Me dio una palmadita en la espalda y se despidió. Dio la vuelta y simplemente desapareció entre la gente de la plaza como si se hubiera convertido en uno con ellos. Por un instante tuve la extraña sensación de que la gente de la plaza era como un telón que él había abierto para desaparecer detrás. El final había llegado como todo lo demás en el mundo de don Juan: imprevisible y velozmente. De pronto estaba sobre mí, yo estaba en medio de él, y ni siquiera sabía cómo había llegado allí.

Debería haber estado deshecho. Pero no. No sé por qué, pero estaba feliz. Me maravillé de la facilidad con que todo había terminado. Don Juan era en verdad un ser elegante. No hubo enojos ni reproches ni nada por el estilo. Me subí a mi coche y conduje, más alegre que unas pascuas. Estaba exuberante. Qué extraordinario que todo terminó tan velozmente, pensé, sin angustias.

Mi viaje de regreso fue sin novedad. En Los Ángeles, ya en mi ambiente familiar, me fijé en que había derivado una enorme cantidad de energía de mi último encuentro con don Juan. Estaba muy contento, muy relajado, y retomé lo que consideraba mi vida normal con mayor ánimo. Todas mis tribulaciones con mis amigos y mis comprensiones acerca de ellos, todo lo que le había dicho a don Juan con referencia a esto, había sido olvidado por completo. Era como si algo hubiera borrado todo eso de mi mente.
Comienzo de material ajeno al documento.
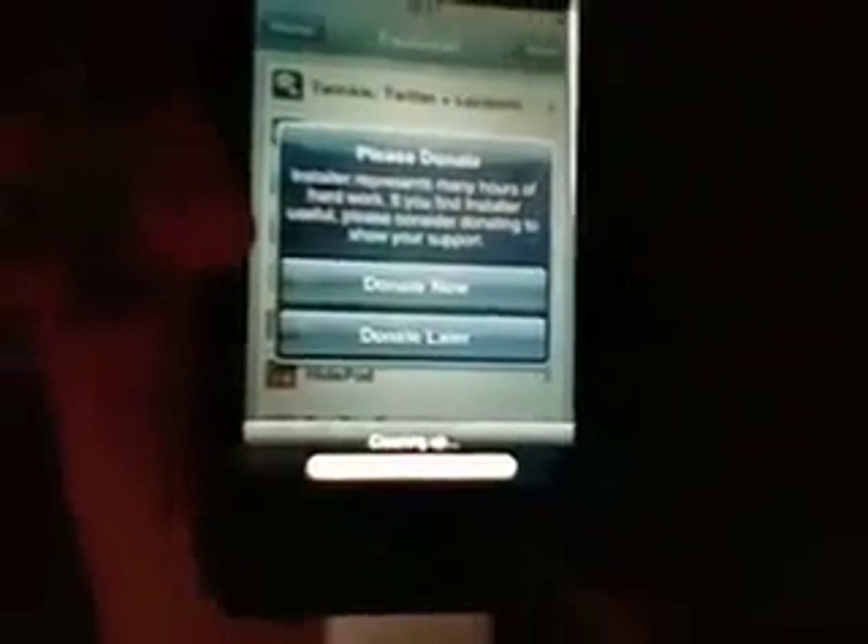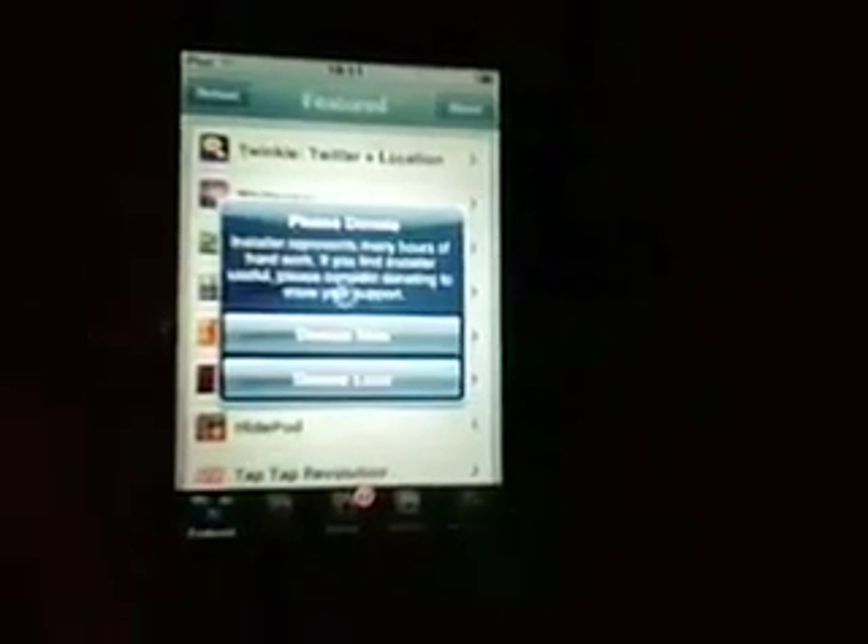Tap on 'Update Now,' and it will automatically respring your springboard. That's the home screen, when you tap OK. Then slide to unlock and open up the installer again.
Me maravillé unas cuantas veces de la facilidad con que había olvidado algo tan significativo, y de haberlo olvidado tan completamente.
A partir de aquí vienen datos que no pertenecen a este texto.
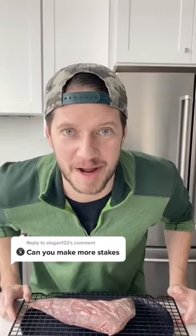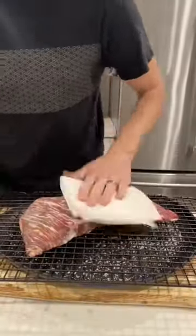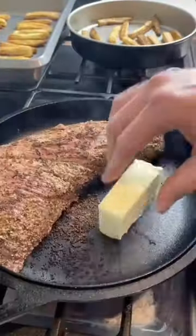Reverse sear tri-tip coming up. First things first: dry brine with kosher salt, thrown in the fridge for four hours. Pat dry with paper towel and season with SPG. Throw it on your smoker until 100 degrees internal.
Todo era como se esperaba. Había un sola inconsistencia en lo que era por lo demás un ordenado paradigma de mi nueva vieja vida: recordaba claramente que don Juan me había dicho que mi partida del mundo de los chamanes era puramente académica y que regresaría. Había recordado y había escrito cada palabra de ese intercambio. Según mi razonamiento y memoria lineal normal, don Juan nunca había hecho esa declaración.

¿Cómo era posible que recordara algo que nunca había sucedido? Cavilé inútilmente. Mi seudo-recuerdo era lo suficientemente extraño como para moverme a hacer algo, pero luego decidí que no tenía caso. En lo que a mí concernía, estaba fuera del ambiente de don Juan.

Siguiendo las sugerencias de don Juan en relación a mi comportamiento con aquellos que me habían hecho favores, había llegado a una decisión de proporciones gigantescas para mí: la de honrar y dar gracias a mis amigos antes de que fuera demasiado tarde. Un caso era el de mi amigo Rodrigo Cummings. Un acontecimiento con mi amigo Rodrigo, sin embargo, tumbó mi nuevo paradigma, conduciéndolo a su destrucción total.

Mi actitud hacia él sufrió un cambio radical al vencer mi competitividad con él. Encontré que era lo más fácil del mundo proyectarme cien por ciento en lo que hiciera Rodrigo. De hecho, yo era exactamente como él, pero no lo supe hasta que dejé de hacerle competencia. Fue cuando surgió la verdad con una intensidad horrenda. Uno de los mayores deseos de Rodrigo era terminar la carrera universitaria. Cada semestre, se inscribía y tomaba cuantos cursos podía. Luego, al progresar el semestre los iba dejando. A veces dejaba por completo la universidad. En otras ocasiones, seguía en un solo curso de tres unidades hasta el final.